- Pitcher
- Born: August 7, 1970 (age 56) Edison, New Jersey, U.S.
- Batted: RightThrew: Right

MLB debut
- June 30, 1997, for the Chicago Cubs

Last MLB appearance
- July 7, 1999, for the Kansas City Royals

MLB statistics
- Win–loss record: 4–5
- Earned run average: 4.24
- Strikeouts: 55
- Stats at Baseball Reference

Teams
- Chicago Cubs (1997–1998); Kansas City Royals (1999);

= Marc Pisciotta =

American baseball player (born 1970)

Marc George Pisciotta (born August 7, 1970), is an American former professional baseball pitcher, who played in Major League Baseball (MLB) from 1997 to 1999, for the Chicago Cubs and Kansas City Royals.

==Amateur career==
As a Little League Baseball player, the 12-year-old, 6 ft 2 in Pisciotta used his overpowering fastball to lead the East Marietta National Little League of Marietta, Georgia, to the 1983 Little League World Series title.

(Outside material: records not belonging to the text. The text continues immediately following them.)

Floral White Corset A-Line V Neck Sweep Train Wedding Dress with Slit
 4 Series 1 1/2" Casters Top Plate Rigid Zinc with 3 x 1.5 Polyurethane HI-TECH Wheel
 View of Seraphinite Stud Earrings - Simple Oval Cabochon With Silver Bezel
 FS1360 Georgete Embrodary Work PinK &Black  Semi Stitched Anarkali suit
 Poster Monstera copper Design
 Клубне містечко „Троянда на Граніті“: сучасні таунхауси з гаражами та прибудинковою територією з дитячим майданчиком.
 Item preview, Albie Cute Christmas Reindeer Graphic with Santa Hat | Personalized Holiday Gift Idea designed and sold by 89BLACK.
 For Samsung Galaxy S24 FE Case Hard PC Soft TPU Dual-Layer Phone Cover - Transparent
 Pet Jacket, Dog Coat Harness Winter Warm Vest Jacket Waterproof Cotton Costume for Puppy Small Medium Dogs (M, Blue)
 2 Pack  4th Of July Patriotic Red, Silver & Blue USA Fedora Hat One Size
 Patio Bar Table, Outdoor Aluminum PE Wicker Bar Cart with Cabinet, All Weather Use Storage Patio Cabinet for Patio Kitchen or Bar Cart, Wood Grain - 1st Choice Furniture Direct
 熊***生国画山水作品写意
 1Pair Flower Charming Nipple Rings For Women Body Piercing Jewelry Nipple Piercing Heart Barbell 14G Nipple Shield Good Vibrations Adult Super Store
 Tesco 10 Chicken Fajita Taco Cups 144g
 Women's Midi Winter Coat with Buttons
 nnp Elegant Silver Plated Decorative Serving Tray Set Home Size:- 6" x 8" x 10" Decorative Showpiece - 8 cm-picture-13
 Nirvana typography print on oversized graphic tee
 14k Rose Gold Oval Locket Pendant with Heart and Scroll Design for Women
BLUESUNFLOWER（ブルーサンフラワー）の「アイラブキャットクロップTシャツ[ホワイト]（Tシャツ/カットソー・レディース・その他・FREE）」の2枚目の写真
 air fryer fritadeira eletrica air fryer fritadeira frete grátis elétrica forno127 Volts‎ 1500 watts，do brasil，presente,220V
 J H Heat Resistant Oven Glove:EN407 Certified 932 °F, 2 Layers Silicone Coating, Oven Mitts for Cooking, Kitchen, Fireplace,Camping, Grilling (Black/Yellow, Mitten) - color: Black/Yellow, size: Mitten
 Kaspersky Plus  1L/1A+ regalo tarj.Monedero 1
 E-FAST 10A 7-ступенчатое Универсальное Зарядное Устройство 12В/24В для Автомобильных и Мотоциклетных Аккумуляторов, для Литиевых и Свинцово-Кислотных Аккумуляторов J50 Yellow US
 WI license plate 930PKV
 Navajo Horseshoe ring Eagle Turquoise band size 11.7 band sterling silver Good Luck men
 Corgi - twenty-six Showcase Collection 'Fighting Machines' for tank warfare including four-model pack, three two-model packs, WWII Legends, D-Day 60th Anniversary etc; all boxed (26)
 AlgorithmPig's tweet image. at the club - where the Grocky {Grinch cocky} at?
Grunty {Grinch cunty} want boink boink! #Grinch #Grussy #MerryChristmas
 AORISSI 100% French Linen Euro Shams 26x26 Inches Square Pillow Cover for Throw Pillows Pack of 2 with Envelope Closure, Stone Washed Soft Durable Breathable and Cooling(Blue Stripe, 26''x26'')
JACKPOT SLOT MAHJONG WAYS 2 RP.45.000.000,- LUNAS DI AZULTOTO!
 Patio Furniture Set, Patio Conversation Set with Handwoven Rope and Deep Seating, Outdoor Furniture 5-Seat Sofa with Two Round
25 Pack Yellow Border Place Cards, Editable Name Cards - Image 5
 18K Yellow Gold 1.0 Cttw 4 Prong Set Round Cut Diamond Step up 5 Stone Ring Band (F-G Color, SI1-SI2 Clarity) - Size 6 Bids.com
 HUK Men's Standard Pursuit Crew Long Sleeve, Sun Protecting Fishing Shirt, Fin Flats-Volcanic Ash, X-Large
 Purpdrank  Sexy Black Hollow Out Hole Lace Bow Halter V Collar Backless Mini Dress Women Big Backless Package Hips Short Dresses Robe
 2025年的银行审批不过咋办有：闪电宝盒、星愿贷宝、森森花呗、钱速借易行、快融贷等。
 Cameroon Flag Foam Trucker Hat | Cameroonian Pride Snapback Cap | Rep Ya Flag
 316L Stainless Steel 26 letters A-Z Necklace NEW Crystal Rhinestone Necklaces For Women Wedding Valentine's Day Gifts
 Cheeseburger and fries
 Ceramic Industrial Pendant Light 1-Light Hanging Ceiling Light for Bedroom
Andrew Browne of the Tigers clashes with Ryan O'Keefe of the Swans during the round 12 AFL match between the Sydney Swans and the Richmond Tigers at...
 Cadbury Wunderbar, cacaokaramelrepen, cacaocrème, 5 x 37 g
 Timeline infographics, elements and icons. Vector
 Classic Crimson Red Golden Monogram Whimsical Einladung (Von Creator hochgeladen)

Pisciotta attended George Walton Comprehensive High School and played college baseball at Georgia Tech. In 1990, he played collegiate summer baseball in the Cape Cod Baseball League for the Yarmouth-Dennis Red Sox and was named a league all-star. He was selected by the Pittsburgh Pirates in the 19th round of the 1991 MLB draft.

==Professional career==

Pisciotta was claimed off waivers by the Cubs after the 1996 season, and made his major league debut with Chicago on June 30, 1997. He appeared in 24 games for the Cubs that season, and in 43 games the following season. He was released by the Cubs prior to the 1999 season, and was picked up by the Royals, appearing in eight games for Kansas City in 1999, his final major league campaign.